Another class threaten us that a great mass of securities will be "unloaded on us." Well, Great Britain, Germany, and Holland, all gold countries, are the nations which hold practically all the American stock and bonds held abroad. Of course they did not invest expecting to be paid principal and interest in coin, for they know that there is not enough in this country to pay it; it is in commodities that we must pay. So far as these securities are bad, as we are sorry to say very many are, foreigners having been badly "plucked" by some of our operators, they will be returned anyhow. In fact, they are coming back now. As to those which are good, being held against property capable of earning a steady and reliable income, they will not be returned. Held in gold countries, the interest and dividends on them will be paid in our products measured in the currency of those countries, no matter what our monetary system may be.

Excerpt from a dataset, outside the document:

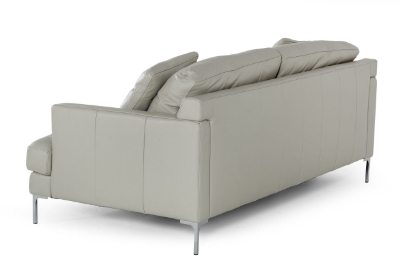 Picture of Divani Casa Janina - Modern Light Grey Leather Sofa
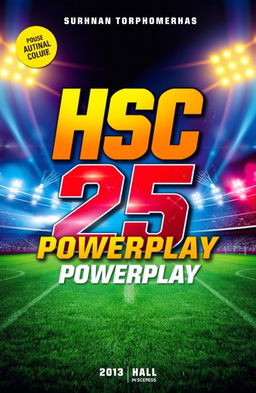 A visually stunning cover for a mega book titled 'HSC 25 Powerplay'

But suppose the "prophets" of evil are correct to this extent that silver and securities will be "dumped" on us to the amount of a billion or two. Will the foreigners give us all these good things? Assuredly not. They must all be paid for; and with what? Manifestly with agricultural products, for there is little or nothing else. The farmer must furnish the stuff, and he is ready and willing to do it—yes, anxious. At least three-fourths of our exports are agricultural, and of the new exports probably seven-eighths would be. We find, moreover, that in 1891 55,131,948 bushels of wheat exported brought us $51,420,272, and in 1892, 157,280,351 bushels brought us $161,399,132, while in 1894 the 88,415,230 bushels exported brought us only $59,407,041, and in 1895, 76,102,704 bushels brought us but $43,805,663. Similarly it may be shown that our largest cotton exports have brought us the least money; but this is an old story. It goes without saying, that to the farmer there are three great factors in the present situation: a ruinously low price for his products, a tremendous surplus left over from last year, and an immense crop for this year now adding to the surplus, with no possible home consumption to give an adequate outlet. Suppose then the "dump" should come and the farm produce go—what then?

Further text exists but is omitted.